— SUPPLIED DATA —
%%
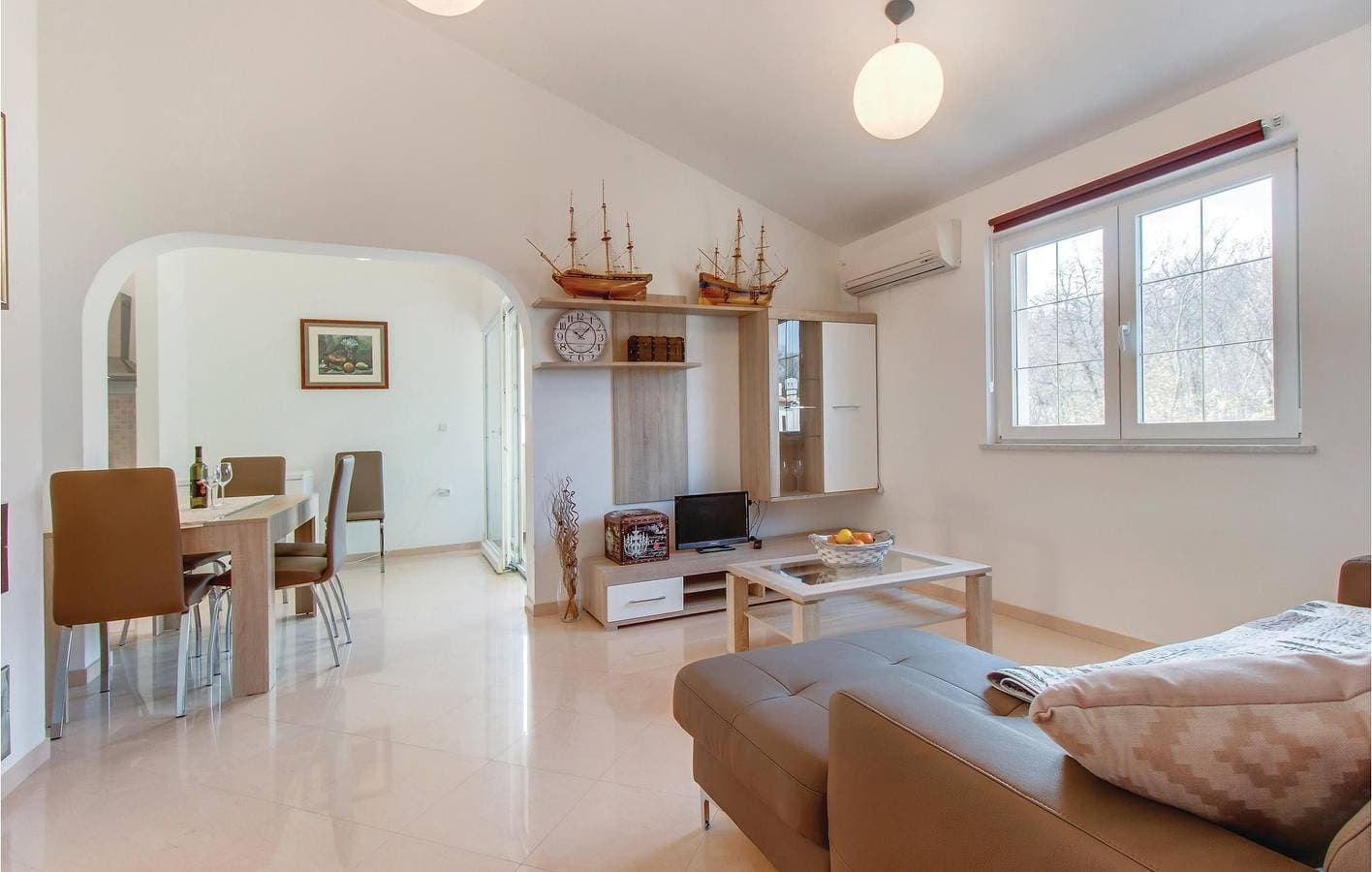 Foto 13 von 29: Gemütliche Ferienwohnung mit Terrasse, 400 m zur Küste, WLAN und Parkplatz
%%
%%
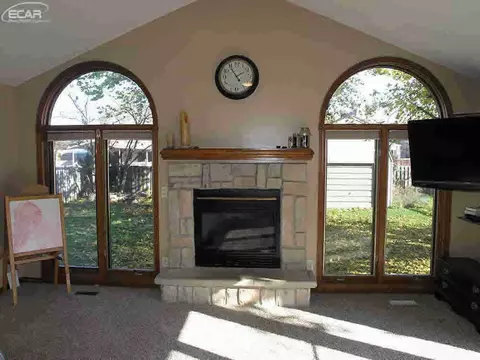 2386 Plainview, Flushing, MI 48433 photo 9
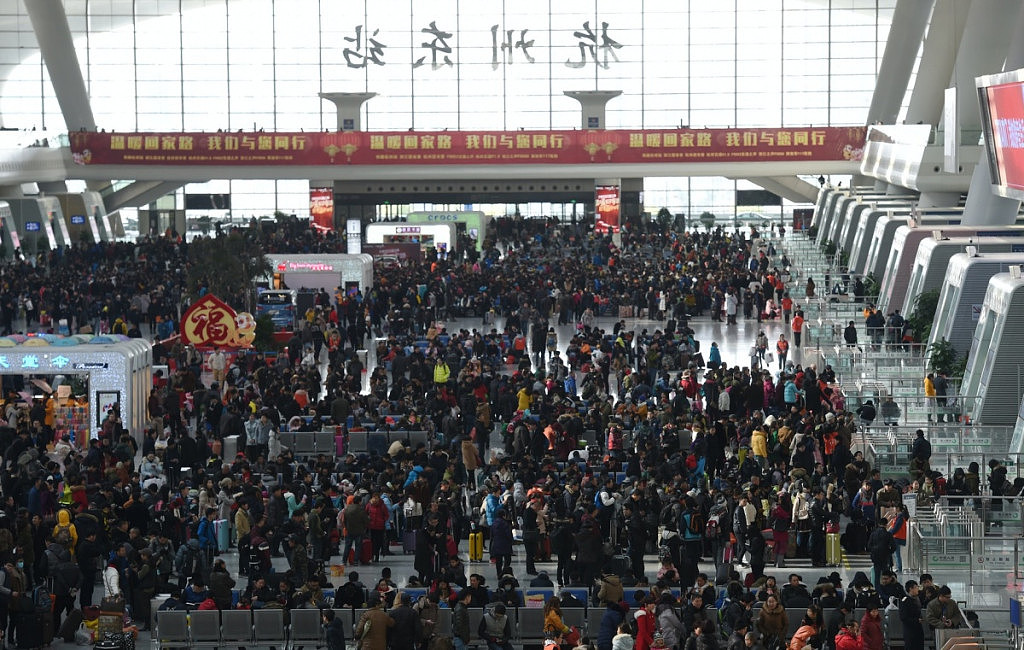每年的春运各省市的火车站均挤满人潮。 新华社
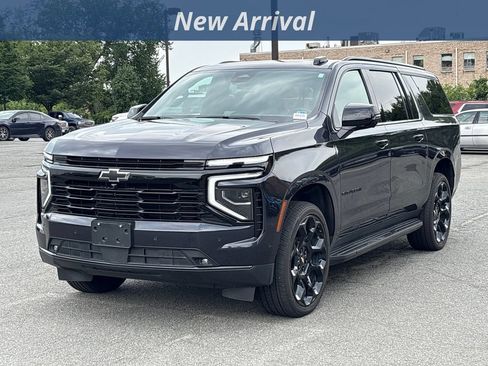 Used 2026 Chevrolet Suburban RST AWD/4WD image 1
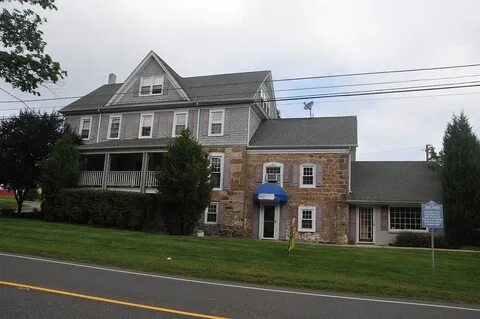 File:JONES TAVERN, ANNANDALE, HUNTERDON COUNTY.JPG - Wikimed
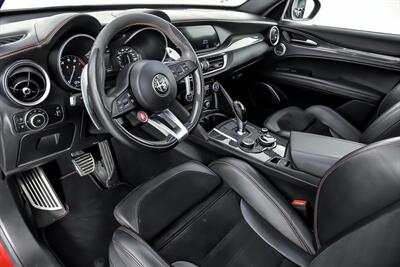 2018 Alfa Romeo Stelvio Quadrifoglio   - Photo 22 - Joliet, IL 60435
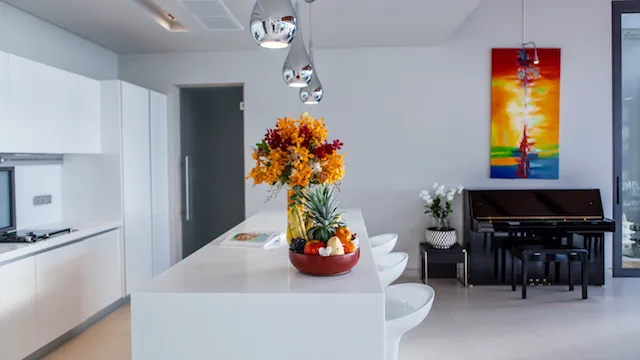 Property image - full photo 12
%%
%%
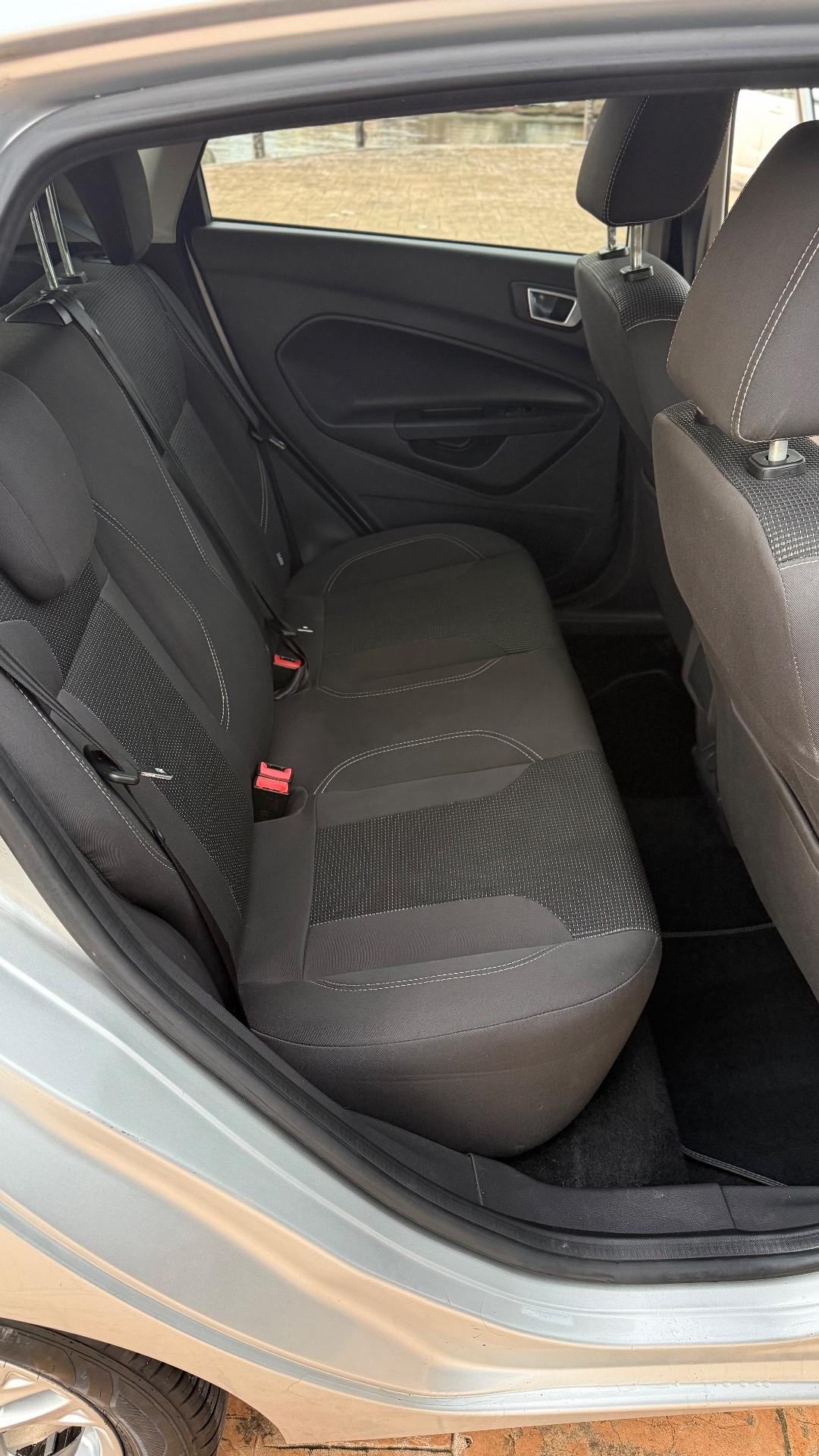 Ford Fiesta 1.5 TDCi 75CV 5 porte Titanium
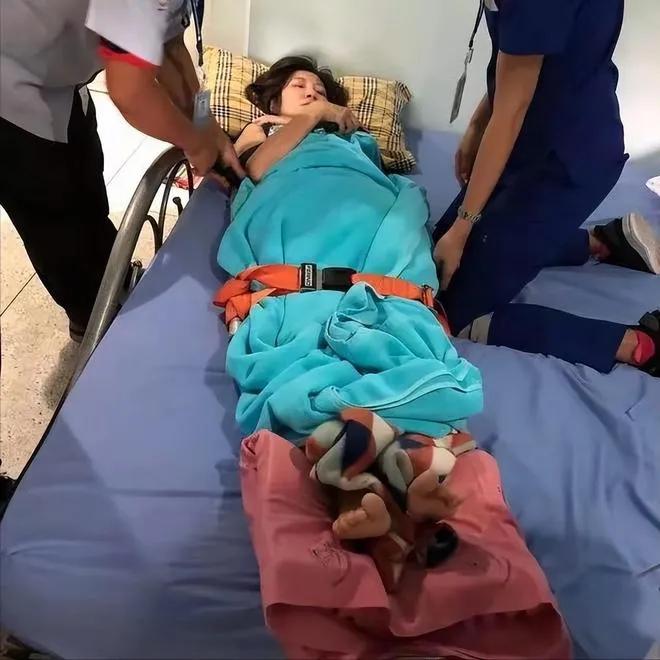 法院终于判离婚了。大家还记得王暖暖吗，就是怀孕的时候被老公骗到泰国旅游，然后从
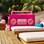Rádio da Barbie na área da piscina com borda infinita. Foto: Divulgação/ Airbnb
%%
— INSTRUCTIONS TO FOLLOW —
Transcribe the lines above exactly, beginning at the one with "每年的春运各省市的火车站均挤满人潮。 新华社" and ending at the one with "Property image - full photo 12". Include both; exclude the pictures.

— EXERCISE RESPONSE —
每年的春运各省市的火车站均挤满人潮。 新华社
 Used 2026 Chevrolet Suburban RST AWD/4WD image 1
 File:JONES TAVERN, ANNANDALE, HUNTERDON COUNTY.JPG - Wikimed
 2018 Alfa Romeo Stelvio Quadrifoglio   - Photo 22 - Joliet, IL 60435
 Property image - full photo 12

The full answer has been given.